Finali hakkında şunu söylemek gerekli. Aşk Tesadüfleri Sever'in finali filmin son kısmı abartılı olsa da daha vurucuydu. Tesadüf üstüne kurulu bir film olduğu için pek şaşırtmadı ama ilk izlediğimde son kısmını izlememiştim (Televizyonda izlerken, son sahne öncesi ne olduğunu anladıktan hemen sonra reklam girince aga be diyerek sonunu izlememiştim). Daha sonra izlediğimde müzik seçimi itibariyle iyi bir final yapılmış dedim. Ama ikisi de şaheser değil tabi ki. Bu noktada 2011 yapımı Aşk Tesadüfleri Sever'i daha önce izlememin Issız Adam'ın finaline ilişkin görüşümü etkileyip etkilemediği düşünülebilir. Bunun için zamanda yolculuk yapmam gerekli. Bir yorum yapamaycağım.
Filmle ilgili bir ek bilgi: Filmin sonundaki Ada'nın Müzeyyen hanımla baktığı fotoğraflarda Alper'in babası olarak görünen kişi Alper'i oynayan Cemal Hünal'ın kardeşi Kerem Hünal. Kendisi bunu YouTube'da konuk olduğu bir programda söylemişti ama hangi video olduğunu tam bulamadım maalesef. Kerem Hünal da oyun tasarımı ile uğraşmakla birlikte multiplayer.com.tr'den de tanınan bir isim.

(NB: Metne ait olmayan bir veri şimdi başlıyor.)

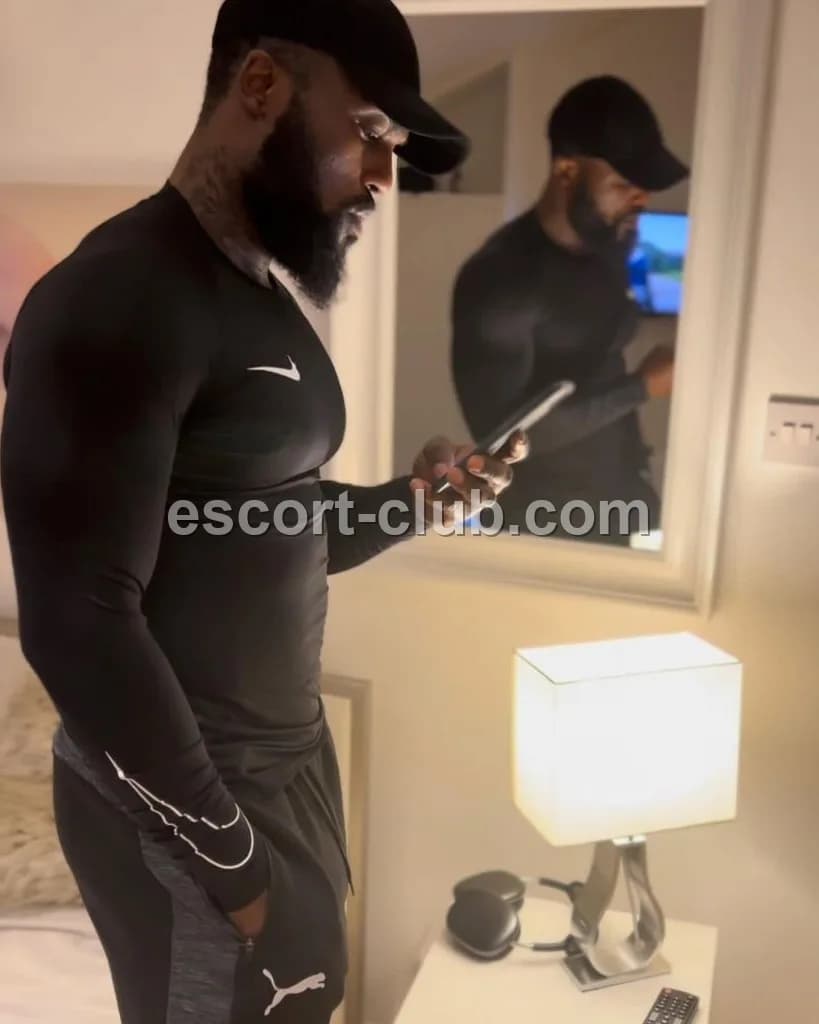 Domis — Sheffield escort photo 6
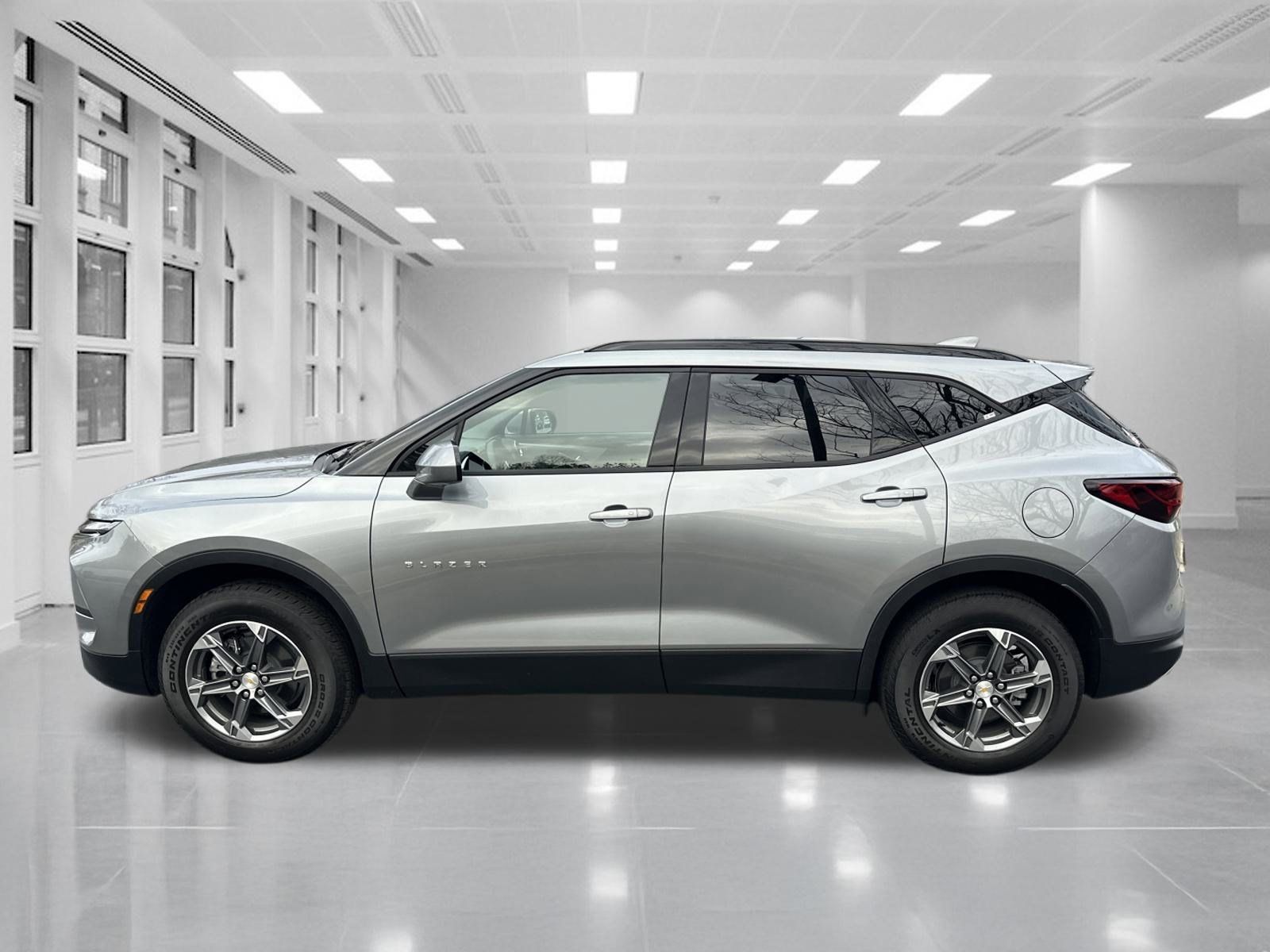 New 2025 Chevrolet Blazer LT w/ Convenience Package FWD image 8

Sonuç olarak Issız Adam abartılı olduğunu düşünsem de kendini izletmeyi başaran ama bana mantıksızlıkları bulunan bir film. Daha önce de dedim. Filmdeki bu gidişat olmasa, benim dediklerim olmasa bu film olmazdı. Ama anlatılanları daha mantıklı bir çerçevede açıklayabilirdi kanımca. Filme ilişkin puan vermek benim gibi bir cahilin haddine değil. Ondan pek yorum yapmayacağım. Ama bence şaheser değil ama yine de izlenebilir.
Her zamanki gibi uzun ama sanırım diğerlerine göre daha kısa bir yazı oldu. Dediğim gibi bu filme konuştuğum gibi konuşacağım birçok şey var ama biraz güncel (benim için) ve biraz popüler olması onu yazmamı tercih etmeme neden oldu. Her film hakkında yazmam ama insan bazen içini dökmek isteyebiliyor. Umarım derdimi anlatabilmişimdir. Buraya kadar sabredip okuduğunuz için teşekkürler.